Padang TIME | Organisasi Kerjasama Islam (OKI) merupakan organisasi terbesar kedua di dunia yang terdiri dari 57 anggota negara-negara muslim atau yang sebagian besar penduduknya beragama islam.

OKI berpotensi menjadi kekuatan baru di dunia terutama dibidang ekonomi jika kebijakan dan program peningkatan kerjasama ekonomi yang telah disepakati oleh masing-masing anggota diratifikasi oleh seluruh anggota dan dilaksanakan secara baik dan konsisten.

Dalam rangka mewujudkan hal tersebut, anggota OKI sepakat untuk merintis pasar bersama (common market) atau yang lebih dikenal dengan pasar bersama islam (Islamic Common Market/ICM).

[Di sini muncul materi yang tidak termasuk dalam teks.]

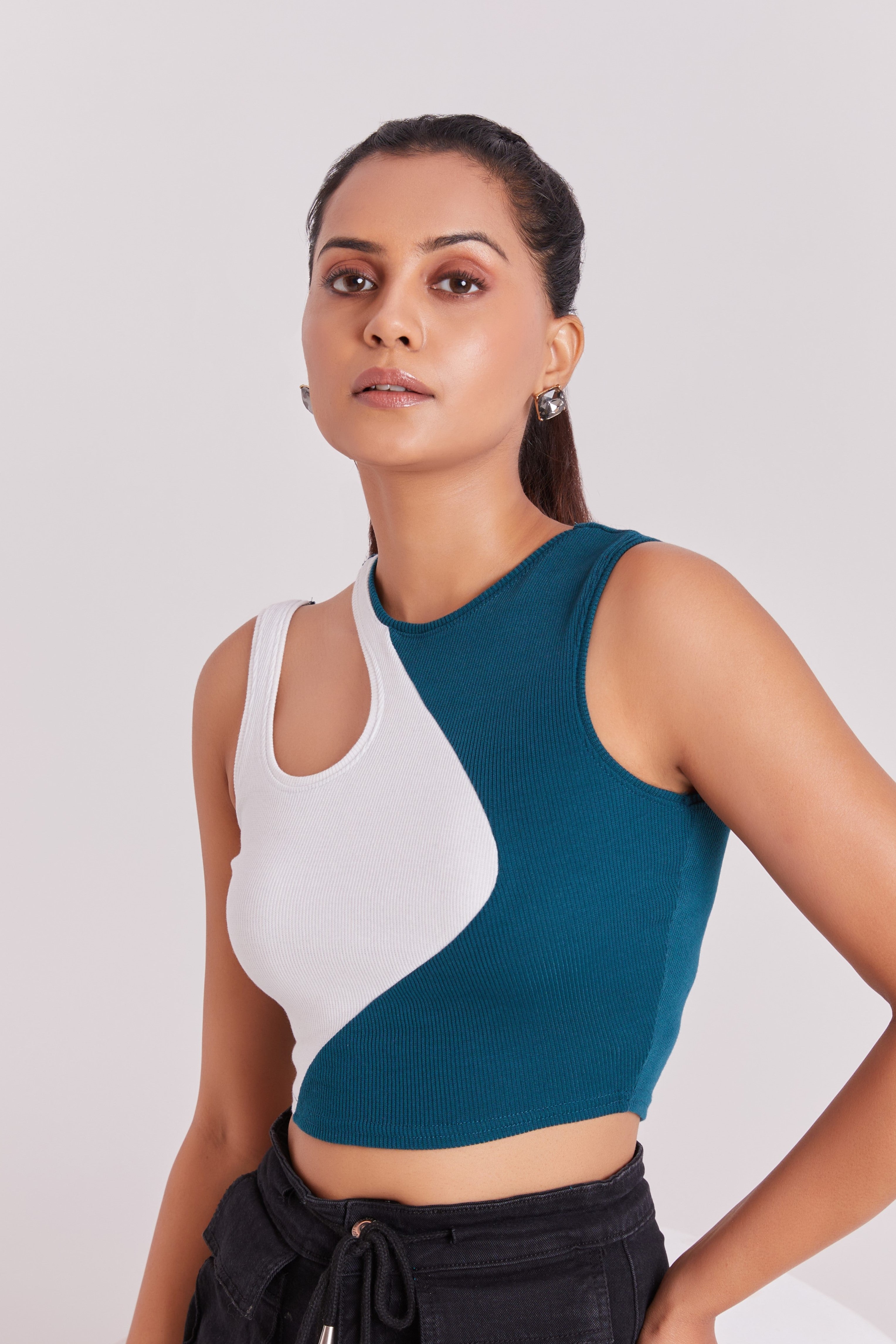 Orange & White-Ribbed Sleeveless Cut-Out Tank Top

ICM lebih dari sekedar kelonggaran tarif dan relaksasi hambatan perdagangan internasional, lebih jauh ICM kedepannya akan membiarkan aliran faktor produksi seperti modal dan tenaga kerja untuk bebas keluar masuk di negara-negara islam.

Walaupun secara prospek sangat bagus, namun menurut sebagian pendapat, implementasi ICM akan mengahadapi beberapa hambatan.

Dabour (2004) menyebutkan bahwa relatif beragamnya karakteristik geografi, sosial, budaya, ekonomi, dan politik di negara anggota OKI merupakan salah satu tantangan pembentukan ICM. Sebagai contoh, negara anggota OKI yang tersebar merata di beberapa benua yang berbeda secara otomatis memiliki perbedaan sosial, ekonomi, dan budaya.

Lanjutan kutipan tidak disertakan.